Work required: Return each line exactly as written. Begin with the first line of the entries and end with the line that has "Blue Modern Cold Brew Advertisement Poster".
========================
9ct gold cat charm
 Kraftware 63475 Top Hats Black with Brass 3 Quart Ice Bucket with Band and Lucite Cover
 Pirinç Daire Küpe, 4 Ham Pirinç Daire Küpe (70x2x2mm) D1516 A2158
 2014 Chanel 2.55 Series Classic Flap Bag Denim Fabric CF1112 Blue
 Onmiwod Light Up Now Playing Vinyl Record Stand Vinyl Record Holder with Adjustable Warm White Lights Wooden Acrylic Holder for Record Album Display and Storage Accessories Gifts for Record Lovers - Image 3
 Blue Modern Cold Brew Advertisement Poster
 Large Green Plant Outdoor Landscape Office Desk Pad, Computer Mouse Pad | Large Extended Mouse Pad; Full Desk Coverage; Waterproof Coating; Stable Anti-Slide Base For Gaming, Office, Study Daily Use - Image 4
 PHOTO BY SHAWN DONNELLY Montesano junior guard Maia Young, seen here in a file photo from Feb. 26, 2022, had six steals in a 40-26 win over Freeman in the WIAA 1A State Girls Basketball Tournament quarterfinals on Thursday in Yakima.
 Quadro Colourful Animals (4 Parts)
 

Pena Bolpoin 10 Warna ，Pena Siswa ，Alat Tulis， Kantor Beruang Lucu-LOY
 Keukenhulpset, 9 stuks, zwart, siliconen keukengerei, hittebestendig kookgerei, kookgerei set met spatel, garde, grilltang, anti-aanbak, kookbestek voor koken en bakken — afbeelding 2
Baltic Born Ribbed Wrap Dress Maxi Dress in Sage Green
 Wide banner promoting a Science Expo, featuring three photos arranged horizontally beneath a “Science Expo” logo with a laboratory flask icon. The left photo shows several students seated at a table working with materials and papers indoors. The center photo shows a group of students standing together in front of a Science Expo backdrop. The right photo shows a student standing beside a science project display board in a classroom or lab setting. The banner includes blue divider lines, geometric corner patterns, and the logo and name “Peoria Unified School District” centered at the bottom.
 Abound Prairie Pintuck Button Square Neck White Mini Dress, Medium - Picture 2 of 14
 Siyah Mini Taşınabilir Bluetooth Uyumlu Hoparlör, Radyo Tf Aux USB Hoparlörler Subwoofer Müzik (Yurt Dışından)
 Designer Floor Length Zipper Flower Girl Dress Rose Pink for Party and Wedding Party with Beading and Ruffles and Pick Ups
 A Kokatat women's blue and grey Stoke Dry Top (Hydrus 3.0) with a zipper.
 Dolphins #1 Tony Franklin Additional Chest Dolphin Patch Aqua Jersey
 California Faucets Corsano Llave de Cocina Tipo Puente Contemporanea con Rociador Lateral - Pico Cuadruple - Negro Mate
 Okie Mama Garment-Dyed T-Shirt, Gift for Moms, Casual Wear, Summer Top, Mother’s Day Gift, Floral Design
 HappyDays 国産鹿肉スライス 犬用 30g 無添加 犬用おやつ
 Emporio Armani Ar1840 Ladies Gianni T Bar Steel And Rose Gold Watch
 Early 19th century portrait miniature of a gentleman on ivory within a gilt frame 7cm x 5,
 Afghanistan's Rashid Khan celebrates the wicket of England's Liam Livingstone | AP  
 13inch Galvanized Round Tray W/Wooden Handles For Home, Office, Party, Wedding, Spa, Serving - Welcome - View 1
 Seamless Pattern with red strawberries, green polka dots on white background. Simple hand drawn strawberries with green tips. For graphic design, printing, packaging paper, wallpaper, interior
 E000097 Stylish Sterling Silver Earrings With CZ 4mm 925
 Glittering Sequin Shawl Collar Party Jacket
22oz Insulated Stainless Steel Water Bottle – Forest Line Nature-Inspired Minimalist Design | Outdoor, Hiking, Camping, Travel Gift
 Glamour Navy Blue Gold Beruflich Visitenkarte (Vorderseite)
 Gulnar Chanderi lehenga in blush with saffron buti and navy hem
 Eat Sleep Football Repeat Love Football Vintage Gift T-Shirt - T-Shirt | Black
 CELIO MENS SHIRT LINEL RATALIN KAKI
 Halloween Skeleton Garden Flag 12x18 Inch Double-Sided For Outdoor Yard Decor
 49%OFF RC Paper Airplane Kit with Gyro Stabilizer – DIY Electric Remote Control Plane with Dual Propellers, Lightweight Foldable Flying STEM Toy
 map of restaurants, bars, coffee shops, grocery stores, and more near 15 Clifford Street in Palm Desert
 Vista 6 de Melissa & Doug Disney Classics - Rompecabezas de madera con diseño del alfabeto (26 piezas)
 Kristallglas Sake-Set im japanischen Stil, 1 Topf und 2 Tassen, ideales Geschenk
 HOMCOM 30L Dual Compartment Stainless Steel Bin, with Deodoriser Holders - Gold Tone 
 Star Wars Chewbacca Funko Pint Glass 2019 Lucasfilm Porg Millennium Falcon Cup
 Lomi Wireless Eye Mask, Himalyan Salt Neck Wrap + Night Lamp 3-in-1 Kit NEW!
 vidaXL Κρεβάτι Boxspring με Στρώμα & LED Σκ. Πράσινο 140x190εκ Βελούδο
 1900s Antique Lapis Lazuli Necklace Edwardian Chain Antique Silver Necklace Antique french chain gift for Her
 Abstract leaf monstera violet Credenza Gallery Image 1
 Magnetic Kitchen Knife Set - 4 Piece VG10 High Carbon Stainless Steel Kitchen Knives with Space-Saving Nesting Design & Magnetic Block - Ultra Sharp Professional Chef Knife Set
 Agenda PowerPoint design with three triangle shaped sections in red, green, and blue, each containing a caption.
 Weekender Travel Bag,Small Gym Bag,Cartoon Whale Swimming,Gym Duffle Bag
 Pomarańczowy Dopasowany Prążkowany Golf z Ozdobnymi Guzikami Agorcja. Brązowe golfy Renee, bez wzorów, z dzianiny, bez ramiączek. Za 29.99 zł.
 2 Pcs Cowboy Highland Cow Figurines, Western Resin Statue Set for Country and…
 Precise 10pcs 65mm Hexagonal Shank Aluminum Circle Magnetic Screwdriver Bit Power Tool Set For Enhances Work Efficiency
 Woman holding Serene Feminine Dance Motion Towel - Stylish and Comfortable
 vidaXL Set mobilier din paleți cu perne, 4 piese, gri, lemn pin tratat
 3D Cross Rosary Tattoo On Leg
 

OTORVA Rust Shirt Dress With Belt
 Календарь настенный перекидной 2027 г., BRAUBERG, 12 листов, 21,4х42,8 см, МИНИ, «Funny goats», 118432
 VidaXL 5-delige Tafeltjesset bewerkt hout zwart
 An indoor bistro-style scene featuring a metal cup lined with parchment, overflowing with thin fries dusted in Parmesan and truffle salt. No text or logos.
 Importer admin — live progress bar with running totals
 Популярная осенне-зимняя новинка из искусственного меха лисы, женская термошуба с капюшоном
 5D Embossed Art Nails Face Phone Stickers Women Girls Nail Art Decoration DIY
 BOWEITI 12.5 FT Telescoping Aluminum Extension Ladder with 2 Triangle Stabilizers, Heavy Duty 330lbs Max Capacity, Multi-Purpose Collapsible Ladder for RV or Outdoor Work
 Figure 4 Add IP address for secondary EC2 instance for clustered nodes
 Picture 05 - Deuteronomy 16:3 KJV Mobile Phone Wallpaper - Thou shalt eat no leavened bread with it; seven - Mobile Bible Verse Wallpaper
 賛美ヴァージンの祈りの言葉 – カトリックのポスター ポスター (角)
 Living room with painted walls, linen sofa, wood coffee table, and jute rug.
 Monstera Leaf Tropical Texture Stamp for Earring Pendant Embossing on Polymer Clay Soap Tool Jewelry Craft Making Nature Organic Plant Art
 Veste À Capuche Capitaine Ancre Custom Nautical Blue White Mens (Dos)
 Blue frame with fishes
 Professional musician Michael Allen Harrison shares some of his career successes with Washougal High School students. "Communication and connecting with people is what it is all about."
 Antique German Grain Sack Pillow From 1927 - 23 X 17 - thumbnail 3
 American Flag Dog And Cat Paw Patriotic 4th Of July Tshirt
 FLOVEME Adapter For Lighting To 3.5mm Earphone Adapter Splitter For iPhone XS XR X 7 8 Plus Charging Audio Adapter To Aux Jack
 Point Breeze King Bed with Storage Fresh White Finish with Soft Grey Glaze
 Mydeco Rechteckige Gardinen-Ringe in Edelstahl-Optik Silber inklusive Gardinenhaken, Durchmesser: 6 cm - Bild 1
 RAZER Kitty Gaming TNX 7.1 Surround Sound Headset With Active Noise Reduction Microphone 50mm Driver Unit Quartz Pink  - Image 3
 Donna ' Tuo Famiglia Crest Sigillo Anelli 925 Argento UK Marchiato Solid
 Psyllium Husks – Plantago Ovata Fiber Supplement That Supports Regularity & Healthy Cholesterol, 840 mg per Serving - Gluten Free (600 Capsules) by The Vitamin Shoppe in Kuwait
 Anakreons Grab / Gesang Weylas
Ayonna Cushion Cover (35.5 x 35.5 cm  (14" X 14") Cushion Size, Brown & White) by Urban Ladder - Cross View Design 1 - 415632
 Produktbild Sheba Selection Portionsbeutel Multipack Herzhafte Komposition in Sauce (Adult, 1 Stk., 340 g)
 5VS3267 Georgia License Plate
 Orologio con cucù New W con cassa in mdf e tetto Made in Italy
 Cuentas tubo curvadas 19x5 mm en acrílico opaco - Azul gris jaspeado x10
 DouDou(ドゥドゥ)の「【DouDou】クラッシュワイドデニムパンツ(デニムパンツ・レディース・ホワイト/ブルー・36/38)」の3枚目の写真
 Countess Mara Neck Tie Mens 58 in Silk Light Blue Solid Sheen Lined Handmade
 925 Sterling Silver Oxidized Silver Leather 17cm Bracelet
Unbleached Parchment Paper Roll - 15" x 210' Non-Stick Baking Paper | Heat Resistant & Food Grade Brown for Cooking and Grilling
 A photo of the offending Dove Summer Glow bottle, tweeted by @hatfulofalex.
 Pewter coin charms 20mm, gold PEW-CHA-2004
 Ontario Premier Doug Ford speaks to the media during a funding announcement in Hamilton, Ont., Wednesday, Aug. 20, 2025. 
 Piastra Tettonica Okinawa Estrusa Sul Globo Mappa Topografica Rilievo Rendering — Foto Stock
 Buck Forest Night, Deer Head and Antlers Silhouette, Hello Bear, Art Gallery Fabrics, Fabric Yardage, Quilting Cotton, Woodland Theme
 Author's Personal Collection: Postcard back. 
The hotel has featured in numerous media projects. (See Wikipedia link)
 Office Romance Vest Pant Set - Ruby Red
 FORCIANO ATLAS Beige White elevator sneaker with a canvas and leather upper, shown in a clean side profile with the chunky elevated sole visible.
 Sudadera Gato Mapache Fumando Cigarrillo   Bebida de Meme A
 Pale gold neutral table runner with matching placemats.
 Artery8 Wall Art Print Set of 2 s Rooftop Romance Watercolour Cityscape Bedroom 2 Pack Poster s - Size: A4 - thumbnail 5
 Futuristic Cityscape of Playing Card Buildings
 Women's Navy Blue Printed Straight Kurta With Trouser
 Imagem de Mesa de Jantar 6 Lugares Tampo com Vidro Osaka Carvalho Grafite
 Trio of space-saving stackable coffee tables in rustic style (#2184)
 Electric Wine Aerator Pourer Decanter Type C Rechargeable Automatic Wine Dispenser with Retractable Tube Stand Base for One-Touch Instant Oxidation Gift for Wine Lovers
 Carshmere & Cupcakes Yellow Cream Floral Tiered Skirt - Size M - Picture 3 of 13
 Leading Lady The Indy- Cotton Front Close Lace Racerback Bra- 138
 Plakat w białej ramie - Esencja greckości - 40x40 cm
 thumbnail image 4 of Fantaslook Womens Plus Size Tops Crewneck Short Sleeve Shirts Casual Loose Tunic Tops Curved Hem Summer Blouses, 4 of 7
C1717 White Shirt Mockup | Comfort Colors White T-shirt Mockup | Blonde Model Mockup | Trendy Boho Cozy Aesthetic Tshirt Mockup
========================
Solution:
9ct gold cat charm
 Kraftware 63475 Top Hats Black with Brass 3 Quart Ice Bucket with Band and Lucite Cover
 Pirinç Daire Küpe, 4 Ham Pirinç Daire Küpe (70x2x2mm) D1516 A2158
 2014 Chanel 2.55 Series Classic Flap Bag Denim Fabric CF1112 Blue
 Onmiwod Light Up Now Playing Vinyl Record Stand Vinyl Record Holder with Adjustable Warm White Lights Wooden Acrylic Holder for Record Album Display and Storage Accessories Gifts for Record Lovers - Image 3
 Blue Modern Cold Brew Advertisement Poster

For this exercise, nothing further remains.